**Input**
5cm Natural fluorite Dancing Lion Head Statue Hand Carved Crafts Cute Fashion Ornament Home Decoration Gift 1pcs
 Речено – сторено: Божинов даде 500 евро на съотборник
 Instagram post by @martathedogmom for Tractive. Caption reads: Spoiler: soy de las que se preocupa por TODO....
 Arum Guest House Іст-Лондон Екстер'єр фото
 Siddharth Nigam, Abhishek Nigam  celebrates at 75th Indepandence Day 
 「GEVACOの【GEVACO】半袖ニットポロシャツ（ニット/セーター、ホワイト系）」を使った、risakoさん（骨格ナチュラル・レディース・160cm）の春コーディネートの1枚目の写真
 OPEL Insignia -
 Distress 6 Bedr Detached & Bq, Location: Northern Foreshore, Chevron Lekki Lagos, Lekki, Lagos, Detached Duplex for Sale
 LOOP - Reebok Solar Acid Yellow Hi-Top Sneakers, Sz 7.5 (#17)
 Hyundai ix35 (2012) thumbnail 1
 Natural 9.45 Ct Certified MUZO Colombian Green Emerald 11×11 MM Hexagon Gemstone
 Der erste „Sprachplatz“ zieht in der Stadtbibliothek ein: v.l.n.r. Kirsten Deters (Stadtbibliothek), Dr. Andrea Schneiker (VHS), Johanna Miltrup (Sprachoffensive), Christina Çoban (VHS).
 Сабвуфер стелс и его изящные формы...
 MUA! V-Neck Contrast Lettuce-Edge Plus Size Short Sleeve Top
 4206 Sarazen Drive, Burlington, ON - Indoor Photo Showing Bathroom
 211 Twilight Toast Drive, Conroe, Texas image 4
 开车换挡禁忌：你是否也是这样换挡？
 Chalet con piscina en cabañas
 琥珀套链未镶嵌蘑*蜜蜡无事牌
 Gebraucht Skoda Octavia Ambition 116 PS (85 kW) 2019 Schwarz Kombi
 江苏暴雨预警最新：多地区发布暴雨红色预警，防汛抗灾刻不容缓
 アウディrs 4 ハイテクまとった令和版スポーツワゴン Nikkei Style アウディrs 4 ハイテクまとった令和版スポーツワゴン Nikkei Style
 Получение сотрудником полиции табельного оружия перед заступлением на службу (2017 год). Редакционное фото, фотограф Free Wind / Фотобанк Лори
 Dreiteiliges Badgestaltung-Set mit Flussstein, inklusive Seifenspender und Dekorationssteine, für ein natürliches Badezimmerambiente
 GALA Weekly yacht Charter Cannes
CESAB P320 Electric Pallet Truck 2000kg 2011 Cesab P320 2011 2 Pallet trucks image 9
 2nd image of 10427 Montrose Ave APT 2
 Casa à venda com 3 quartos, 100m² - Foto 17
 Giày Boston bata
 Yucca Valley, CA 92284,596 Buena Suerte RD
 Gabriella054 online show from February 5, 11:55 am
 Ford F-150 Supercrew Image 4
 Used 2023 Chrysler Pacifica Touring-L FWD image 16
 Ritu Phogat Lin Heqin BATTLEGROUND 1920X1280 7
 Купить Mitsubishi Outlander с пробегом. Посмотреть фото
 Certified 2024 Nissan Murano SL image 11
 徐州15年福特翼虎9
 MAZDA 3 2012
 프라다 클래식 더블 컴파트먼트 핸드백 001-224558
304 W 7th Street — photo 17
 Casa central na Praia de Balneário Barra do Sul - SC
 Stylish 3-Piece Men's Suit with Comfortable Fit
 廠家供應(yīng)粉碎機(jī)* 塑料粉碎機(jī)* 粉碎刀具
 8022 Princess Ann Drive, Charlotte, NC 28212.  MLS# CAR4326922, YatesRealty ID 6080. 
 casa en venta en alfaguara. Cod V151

**Problem to solve**
Write the records again exactly as they stand.

**Solved exercise**
5cm Natural fluorite Dancing Lion Head Statue Hand Carved Crafts Cute Fashion Ornament Home Decoration Gift 1pcs
 Речено – сторено: Божинов даде 500 евро на съотборник
 Instagram post by @martathedogmom for Tractive. Caption reads: Spoiler: soy de las que se preocupa por TODO....
 Arum Guest House Іст-Лондон Екстер'єр фото
 Siddharth Nigam, Abhishek Nigam  celebrates at 75th Indepandence Day 
 「GEVACOの【GEVACO】半袖ニットポロシャツ（ニット/セーター、ホワイト系）」を使った、risakoさん（骨格ナチュラル・レディース・160cm）の春コーディネートの1枚目の写真
 OPEL Insignia -
 Distress 6 Bedr Detached & Bq, Location: Northern Foreshore, Chevron Lekki Lagos, Lekki, Lagos, Detached Duplex for Sale
 LOOP - Reebok Solar Acid Yellow Hi-Top Sneakers, Sz 7.5 (#17)
 Hyundai ix35 (2012) thumbnail 1
 Natural 9.45 Ct Certified MUZO Colombian Green Emerald 11×11 MM Hexagon Gemstone
 Der erste „Sprachplatz“ zieht in der Stadtbibliothek ein: v.l.n.r. Kirsten Deters (Stadtbibliothek), Dr. Andrea Schneiker (VHS), Johanna Miltrup (Sprachoffensive), Christina Çoban (VHS).
 Сабвуфер стелс и его изящные формы...
 MUA! V-Neck Contrast Lettuce-Edge Plus Size Short Sleeve Top
 4206 Sarazen Drive, Burlington, ON - Indoor Photo Showing Bathroom
 211 Twilight Toast Drive, Conroe, Texas image 4
 开车换挡禁忌：你是否也是这样换挡？
 Chalet con piscina en cabañas
 琥珀套链未镶嵌蘑*蜜蜡无事牌
 Gebraucht Skoda Octavia Ambition 116 PS (85 kW) 2019 Schwarz Kombi
 江苏暴雨预警最新：多地区发布暴雨红色预警，防汛抗灾刻不容缓
 アウディrs 4 ハイテクまとった令和版スポーツワゴン Nikkei Style アウディrs 4 ハイテクまとった令和版スポーツワゴン Nikkei Style
 Получение сотрудником полиции табельного оружия перед заступлением на службу (2017 год). Редакционное фото, фотограф Free Wind / Фотобанк Лори
 Dreiteiliges Badgestaltung-Set mit Flussstein, inklusive Seifenspender und Dekorationssteine, für ein natürliches Badezimmerambiente
 GALA Weekly yacht Charter Cannes
CESAB P320 Electric Pallet Truck 2000kg 2011 Cesab P320 2011 2 Pallet trucks image 9
 2nd image of 10427 Montrose Ave APT 2
 Casa à venda com 3 quartos, 100m² - Foto 17
 Giày Boston bata
 Yucca Valley, CA 92284,596 Buena Suerte RD
 Gabriella054 online show from February 5, 11:55 am
 Ford F-150 Supercrew Image 4
 Used 2023 Chrysler Pacifica Touring-L FWD image 16
 Ritu Phogat Lin Heqin BATTLEGROUND 1920X1280 7
 Купить Mitsubishi Outlander с пробегом. Посмотреть фото
 Certified 2024 Nissan Murano SL image 11
 徐州15年福特翼虎9
 MAZDA 3 2012
 프라다 클래식 더블 컴파트먼트 핸드백 001-224558
304 W 7th Street — photo 17
 Casa central na Praia de Balneário Barra do Sul - SC
 Stylish 3-Piece Men's Suit with Comfortable Fit
 廠家供應(yīng)粉碎機(jī)* 塑料粉碎機(jī)* 粉碎刀具
 8022 Princess Ann Drive, Charlotte, NC 28212.  MLS# CAR4326922, YatesRealty ID 6080. 
 casa en venta en alfaguara. Cod V151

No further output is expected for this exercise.